The independent research, published in the journal PLoS One, concluded that upon first encounter with a Shark ShieldTM, all approaching white sharks were effectively deterred by an average of 1.3 metres.
After multiple approaches, individual white sharks showed signs of habituation to the Shark ShieldTM, which decreased the effective field of the deterrent by an average of 12 centimetres per approach. However, despite an increase in tolerance, 89% of white sharks continued to be deterred from biting or interacting with the bait when in the presence of an active Shark ShieldTM.
Testing was carried out in Mossel Bay, South Africa in 2014. The research involved the deployment of a custom-built stereo-camera system, equipped with either an inactive (control) or an active Shark ShieldTM. The specific configuration of the stereo cameras allowed the researchers to accurately determine how close white sharks approached the electrodes of the Shark ShieldTM using a video analysis technique traditionally used for measuring the size of fish. A total of 322 encounters were analysed from 41 individual white sharks ranging from two to four metres in length.
Dr. Kempster said that only one white shark interacted with the bait in the presence of an active Shark ShieldTM, and this only occurred after multiple approaches to the device.
“Although the effectiveness of the Shark ShieldTM likely varies between species, the fact that white sharks are implicated in the majority of fatal incidents globally suggests that a deterrent that effectively deters this species should be an important safety consideration for a range of ocean users,” Dr.
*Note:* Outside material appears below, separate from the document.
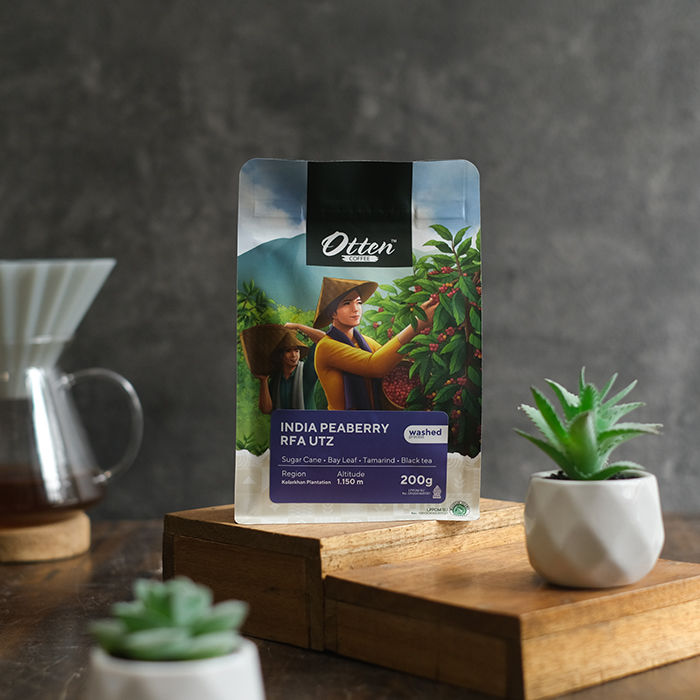 kopi terbaik single origin india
Kempster said.
“The research found no evidence that the Shark ShieldTM attracted sharks from a greater distance, which is a common myth among surfers, and showed that the Shark ShieldTM can reduce white shark interactions.”
Channing Egeberg, co-lead on the project,
said that “the findings of this research finally
provide the public with an effective solution to reduce the risk of
a shark-related injury.” She went on to say that “the public should
be aware, however, that this research does not imply effectiveness
of any other similar deterrents, and that more research on the range
of commercially available devices is still needed”.
The research involved scientists from Support Our Sharks, the University of Western Australia, Macquarie University, Flinders University, and Oceans Research in South Africa.